When you reproduce the data, keep every word exactly as it stands and leave the pictures out.

▶ [SUPPLIED INFORMATION]:
Start of Block
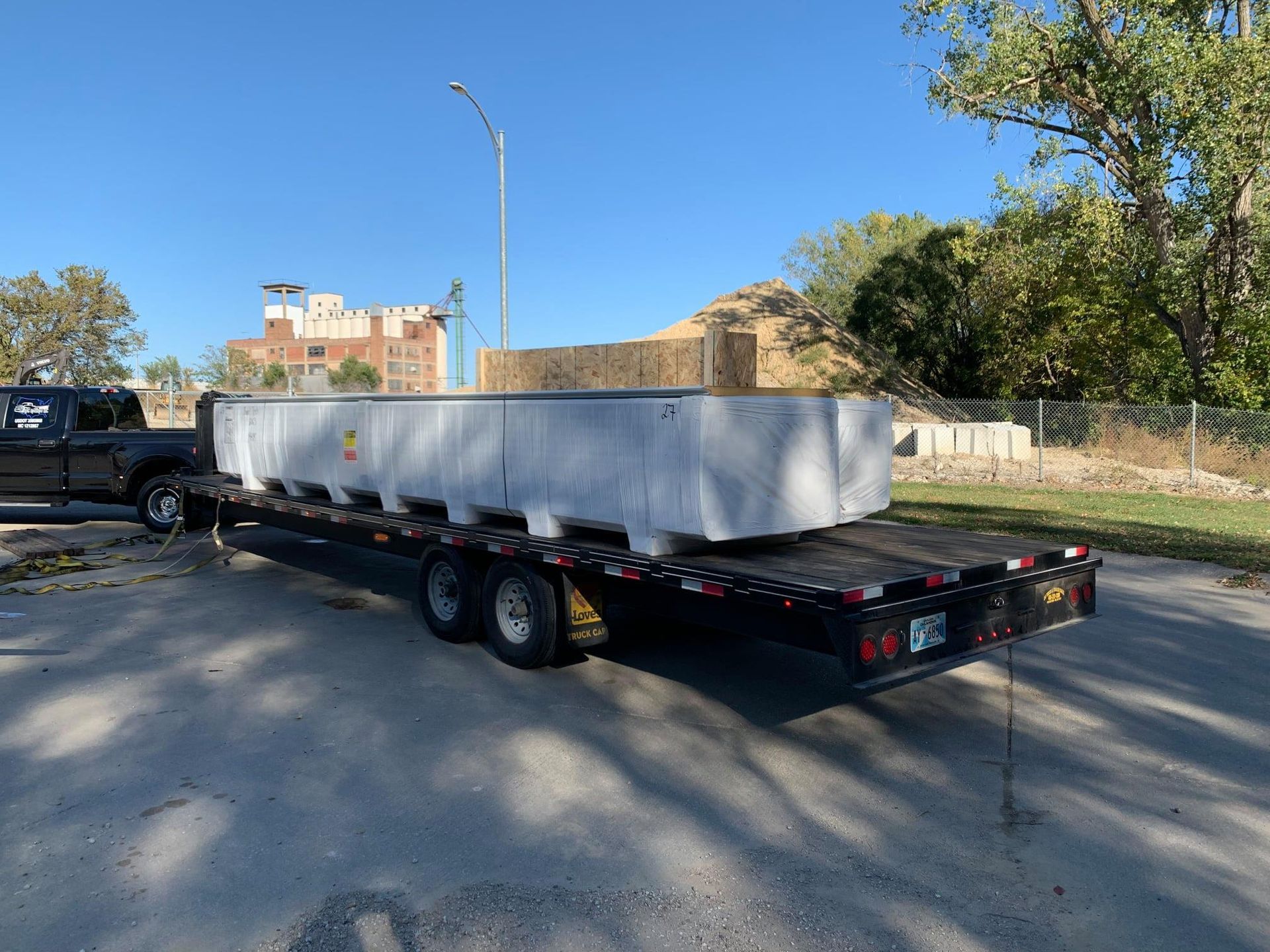 A large concrete barrier sits on a trailer pulled by a black truck on a road.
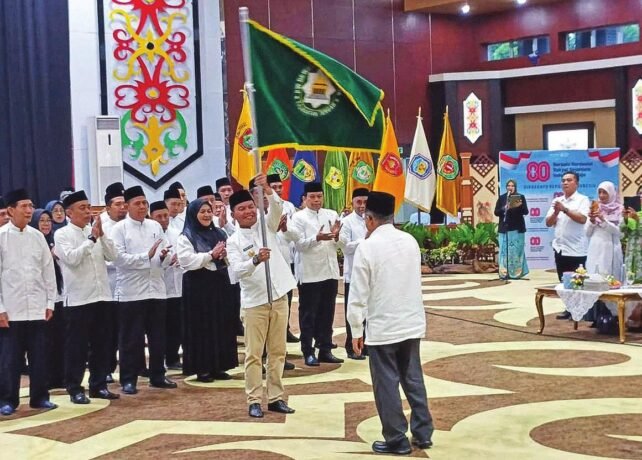 UTAMA PELANTIKAN: Gubernur Kalteng H Agustiar Sabran mengibarkan bendera pataka usai dilantik sebagai Ketua DMI Kalteng oleh Ketum PP DMI HM Jusuf Kalla di Aula Jayang Tingang, Rabu (12/11).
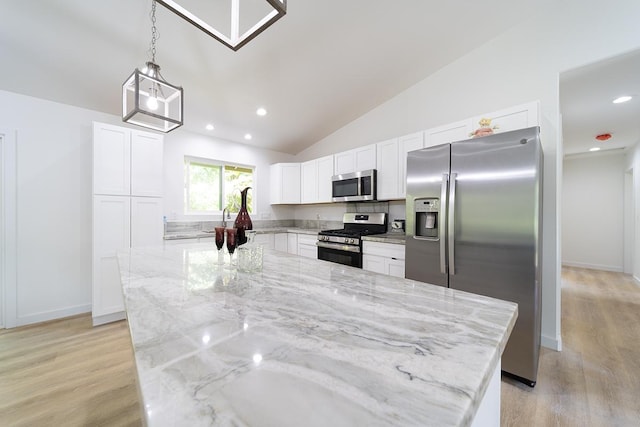 kitchen with pendant lighting, appliances with stainless steel finishes, a center island, light stone countertops, and white cabinets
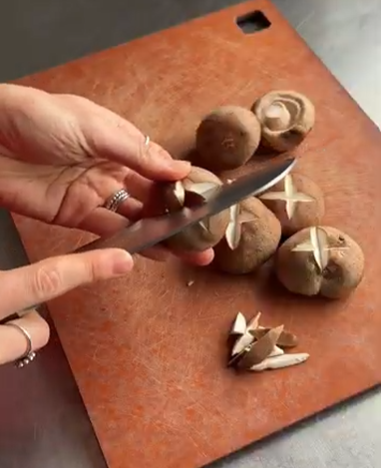 A person uses a knife to cut a cross-shaped decorative pattern into the top of a brown mushroom on a cutting board.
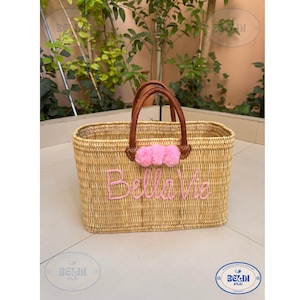 May include: Woven rectangular basket with brown leather handles and pink pom-poms. The words "Bella Vie" are embroidered in pink on the front. The basket is made of natural-colored woven material.
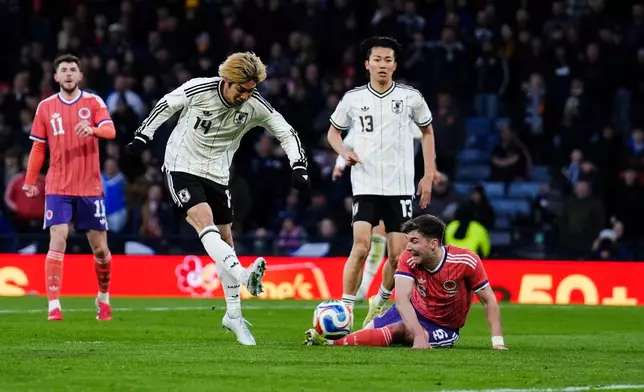 Japan's Junya Ito scores the opening goal during the international friendly soccer match against Scotland, in Glasgow, Scotland, Saturday March 28, 2026. (Andrew Milligan/PA via AP)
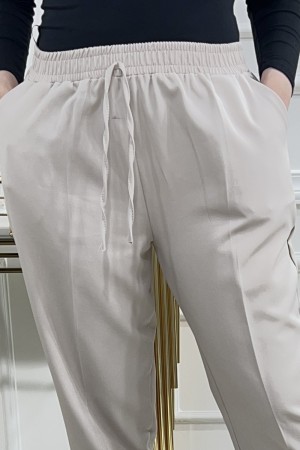 Dar Paça Beli Lastikli Dabıl Kumaş Pantolon Taş Dar Paça Beli Lastikli Dabıl Kumaş Pantolon Taş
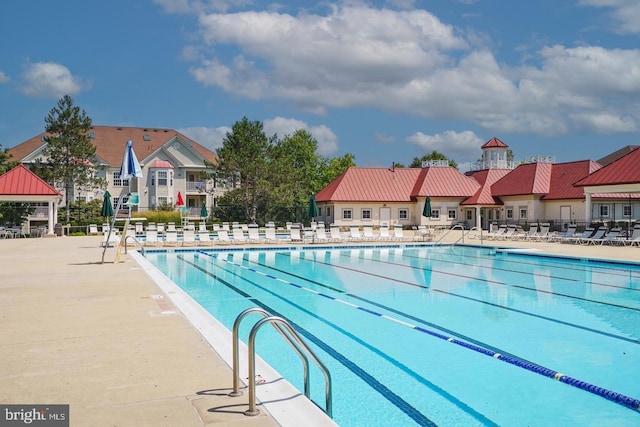 view of swimming pool with a gazebo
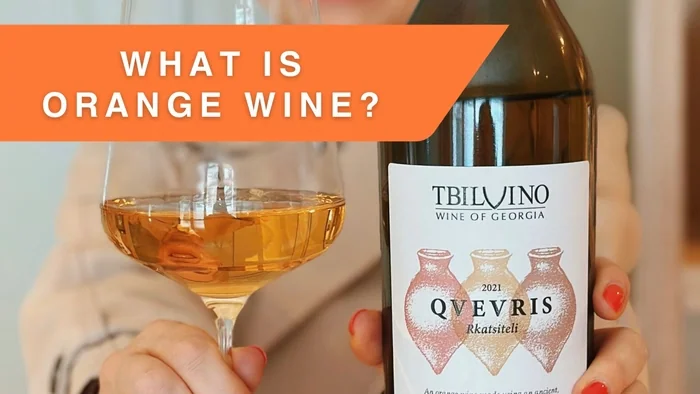 Orange wine bottle and glass held by person indoors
End of Block
▶ [SOLUTION TO THE PROBLEM]:
 A large concrete barrier sits on a trailer pulled by a black truck on a road.
 UTAMA PELANTIKAN: Gubernur Kalteng H Agustiar Sabran mengibarkan bendera pataka usai dilantik sebagai Ketua DMI Kalteng oleh Ketum PP DMI HM Jusuf Kalla di Aula Jayang Tingang, Rabu (12/11).
 kitchen with pendant lighting, appliances with stainless steel finishes, a center island, light stone countertops, and white cabinets
 A person uses a knife to cut a cross-shaped decorative pattern into the top of a brown mushroom on a cutting board.
 May include: Woven rectangular basket with brown leather handles and pink pom-poms. The words "Bella Vie" are embroidered in pink on the front. The basket is made of natural-colored woven material.
 Japan's Junya Ito scores the opening goal during the international friendly soccer match against Scotland, in Glasgow, Scotland, Saturday March 28, 2026. (Andrew Milligan/PA via AP)
 Dar Paça Beli Lastikli Dabıl Kumaş Pantolon Taş Dar Paça Beli Lastikli Dabıl Kumaş Pantolon Taş
 view of swimming pool with a gazebo
 Orange wine bottle and glass held by person indoors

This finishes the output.